The first year he would have to learn everything. The second year or after I can
advance his wages. He would have his board and washing as one of my own family,
and if a good biddable boy, I would do right by him, even if I am the loser. On a farm
in the working season, we have to work constant but I would rather have a [child?]
of mine at it than anything I know, although I have some experience at other
businesses. If not their own fault they work on their own before very old. In the
winter time our business is to feed stock and get [fire?] wood for the stoves, which
could be done night and morning. The boy might attend school for at least two
months and review his former studies, which would be an advantage to him. Most
young men do to 21 free. So much for Mick coming.
My view is [] in that way he would benefit your family more than any that I know,
see in a short time whether it would suit your father to come. And he himself would
be better qualified to assist him. In my first letter to your father I believe I said our
family never had any concert of action.
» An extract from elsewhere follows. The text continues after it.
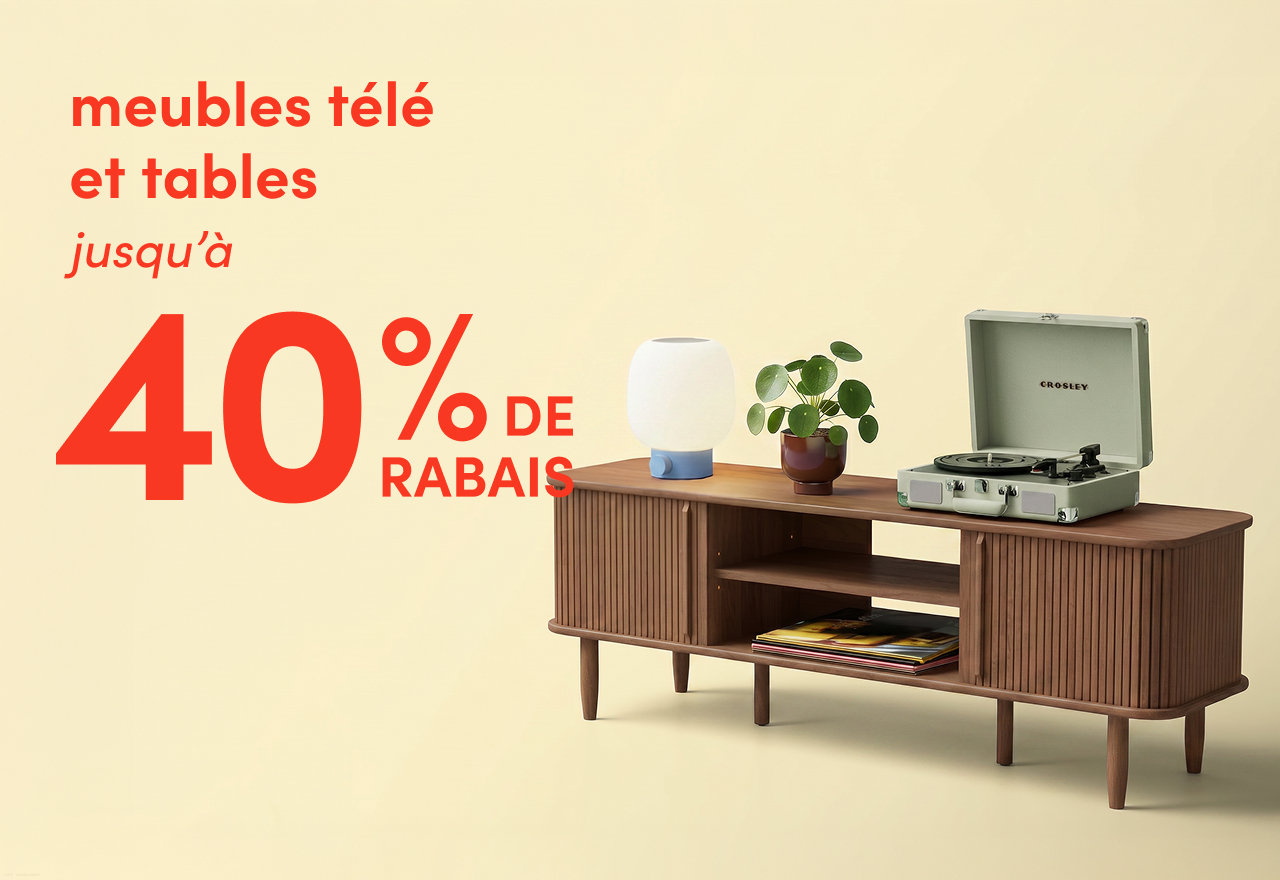 meubles télé et tables en solde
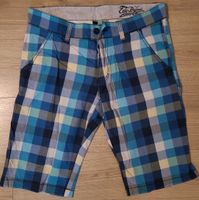 Kurze Hose - Short - EDC by Esprit - Größe W33 - blau kariert Brandenburg - Hohenfinow Vorschau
We all think we know it all, and take
different views. If we had worked together it would have been better for all. Should
he come I will send your father a draft on the bank of Ireland for fifty dollars. He
should be here as soon as possible if come, as he should rest a month before farming commences. He should come by the line I formerly directed. They will send him
to their agent in Nebraska City direct. He will notify me. You may enclose this to
your father with your own views. You and Kate write to me on receipt of this, and
no excuses. We are all well. You may have another young cousin before this goes
to post. I never knew whether your father got the registered letter I sent him. I want
to hear from both of you and your father immediately. I would answer more fully
but for want of room, another time. Give my love to Mick and all enquiring friends.